X_train, X_val, y_train, y_val = train_test_split(X, y, test_size=0.2, random_state=42)

engineer = LLMFeatureEngineer(
    problem_type="classification",
    model_name="gpt-4o",
    max_features=10,
    verbose=1,
)

engineer.fit_selective(
    X=X_train,
    y=y_train,
    selector=SelectKBest(score_func=f_classif, k=5),
    n_rounds=3,
    eval_set=(X_val, y_val),
    feature_descriptions=feature_descriptions,
    target_description=target_description,
)

# Transform as usual — only selected features are applied
X_train_transformed = engineer.transform(X_train)
X_val_transformed = engineer.transform(X_val)

# Export for production
transformer = engineer.to_transformer()

Note

fit_selective() sets the same fitted state as fit(). You can call transform(), evaluate_features(), and to_transformer() on the result exactly as you would after a regular fit().

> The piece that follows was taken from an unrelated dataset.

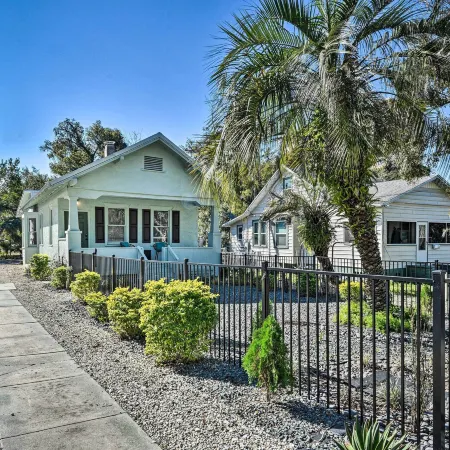 Downtown DeLand Home Walk to Stetson University!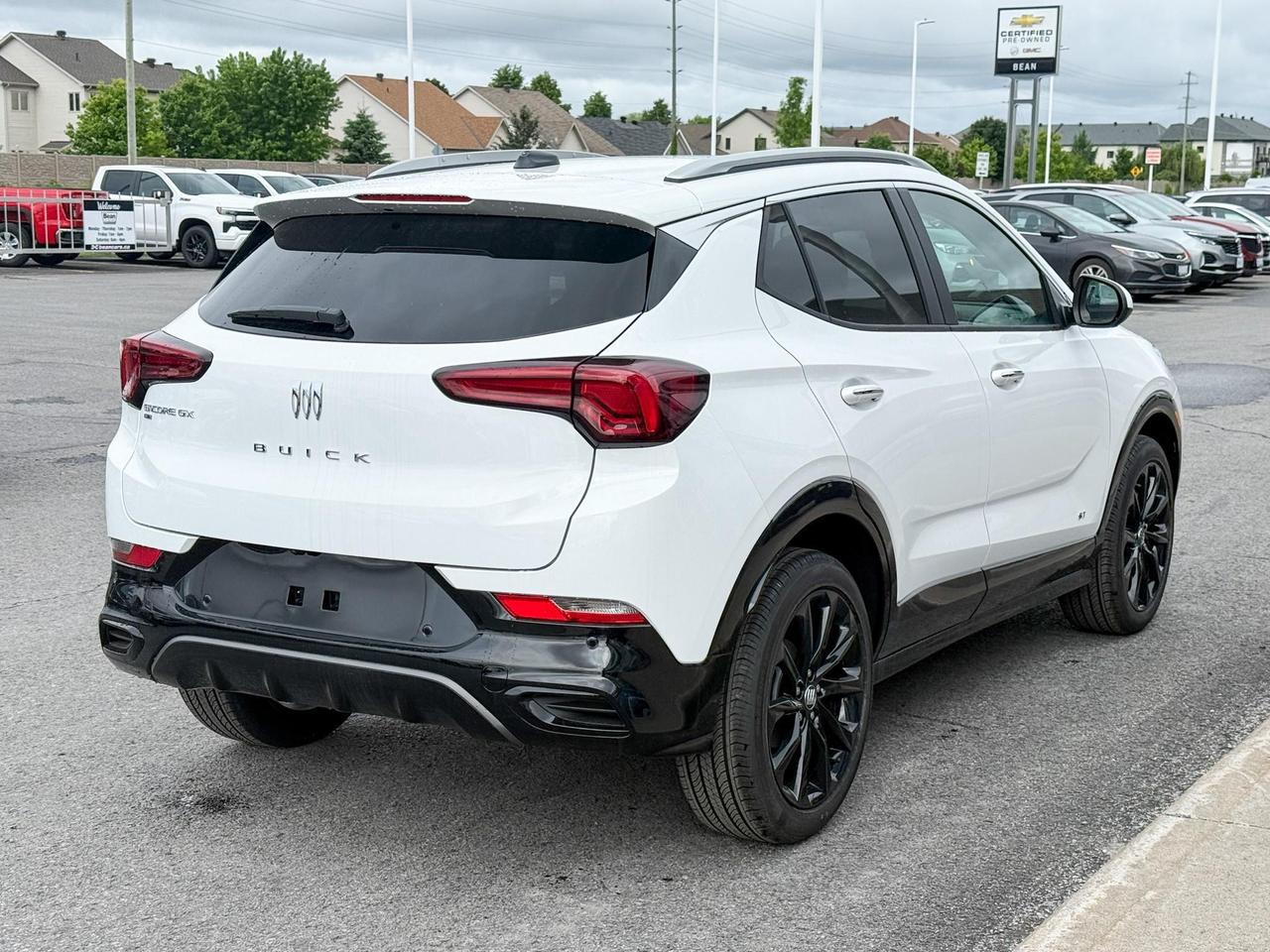 2026 Buick Encore GX Sport Touring 1.3L 3CYL WITH REMOTE START/ENTRY, SUNROOF, HEATED SEATS, HEATED STEERING WHEEL, HD SURROUND VISION, Photo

API Keys and Provider Configuration

The library is model-agnostic: it works with any LLM provider supported by LangChain (OpenAI, Anthropic, etc.). Set the appropriate API key for your provider (e.g., OPENAI_API_KEY, ANTHROPIC_API_KEY) or pass api_key and model_provider to LLMFeatureEngineer via kwargs. See LangChain model setup for provider-specific configuration.